Questo, quanto alla forma di tali frammenti che sono in mio possesso; quanto al contenuto, invece, ritorna – come nel primo Dizionario – tutto il mondo circostante e tutta la vitamateriale, sentimentale e spirituale dei nostri antenati e dei concittadini a noi coetanei, che di questo linguaggio dialettale hanno fatto lo strumento della loro ansia di comunicazione, e con cui – i pù sensibili – hanno espresso anche il carattere vario, ma sempre sacro e misterioso, del nostro pellegrinaggio terreno: quello che Torquato Tasso, nel suo Capolavoro (Ger. Lib., l. XX, ott. 73, 6), in modo incisivo definisce “l’aspra tragedia dello stato umano”. Vediamo, – per esempio -, la breve Preghiera a Maria da parte di un povero disperato: Avemmarìa,\ pana volìa,\ pana non àju…\ Tènimi ca càju – Si tratta di tre quinari, chiusi da un senario a rima baciata col verso precedente, in cui un povero disperato, per la fame perenne, non riesce a proferire neppure l’abituale preghiera alla Madonna; perciò, in forma accorata, quasi senza respiro ormai, intona l’inizio di essa (Avemmarìa), ma subito dopo ha appena il tempo di esprimere il suo desiderio primario (pane, sempre mancante o insufficiente) e di chiederle solo di reggerlo, dato ch’è sul punto di venir meno e di cadere a terra.
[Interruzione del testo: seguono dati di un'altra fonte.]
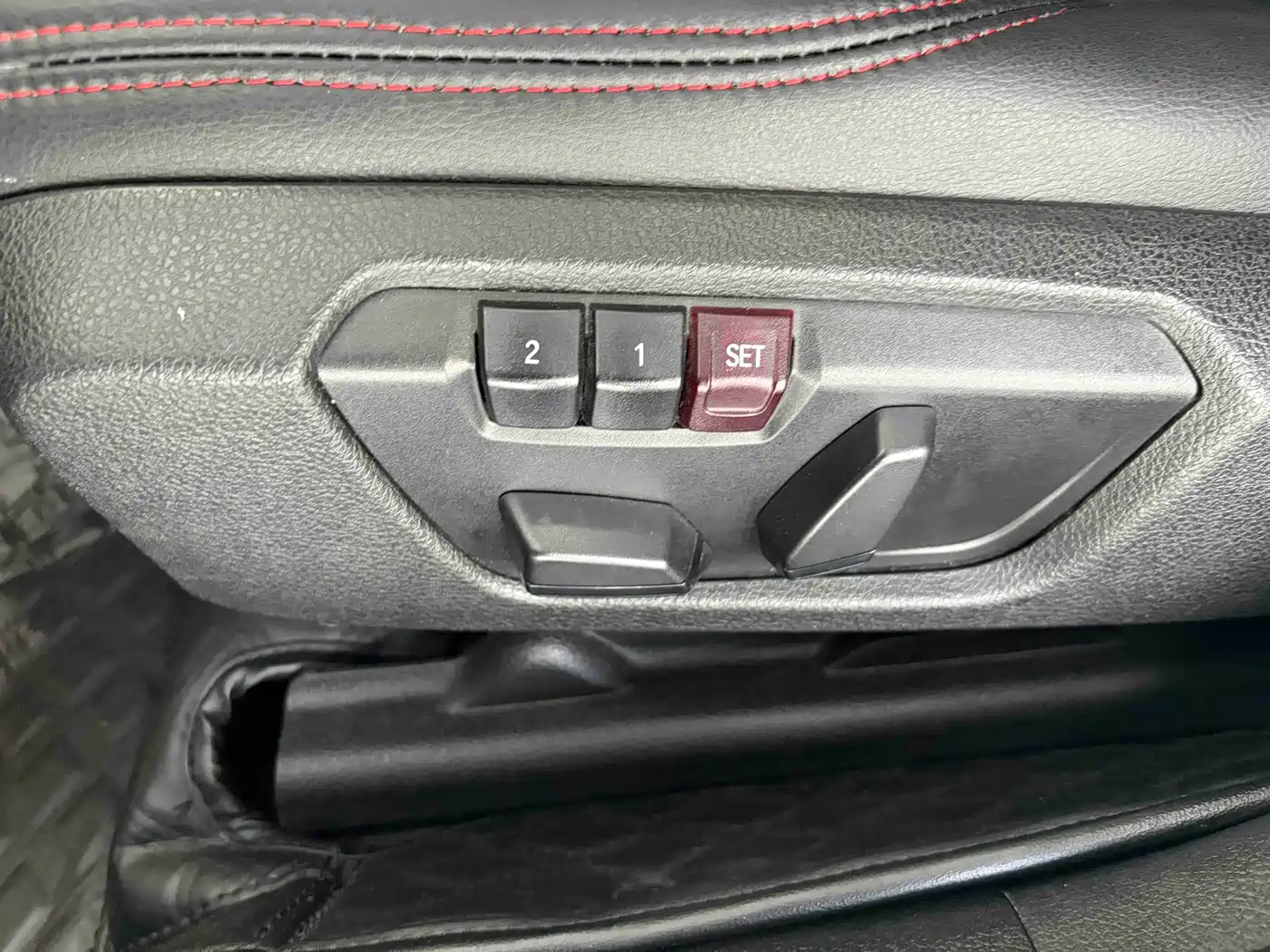 BMW 1 Series (Import) 2015 120i Leading фото 20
Si tratta di brevi frammenti, che però, quanto a partecipazione umana e a valore poetico, non hanno nulla da invidiare a tanti versi che si ritrovano abitualmente inseriti in tante Antologie (= raccolte di fiori!) scolastiche in lingua italiana.
Queste le motivazioni e le finalità che mi son proposto col nuovo Dizionario; e questi i risultatiche penso di aver conseguito. Tuttavia, quello che ho esposto in forma così sintetica e affrettata non può assolutamente far immaginare la ricchezza e la bellezza linguistica che la lettura quotidiana di una pagina del nuovo Dizionario offrirà a tutti i cittadini e gli spiriti andreolesi che i libri non li acquistano per adornare la libreria, ma per tramandare in eredità – di generazione in generazione – un patrimonio prezioso.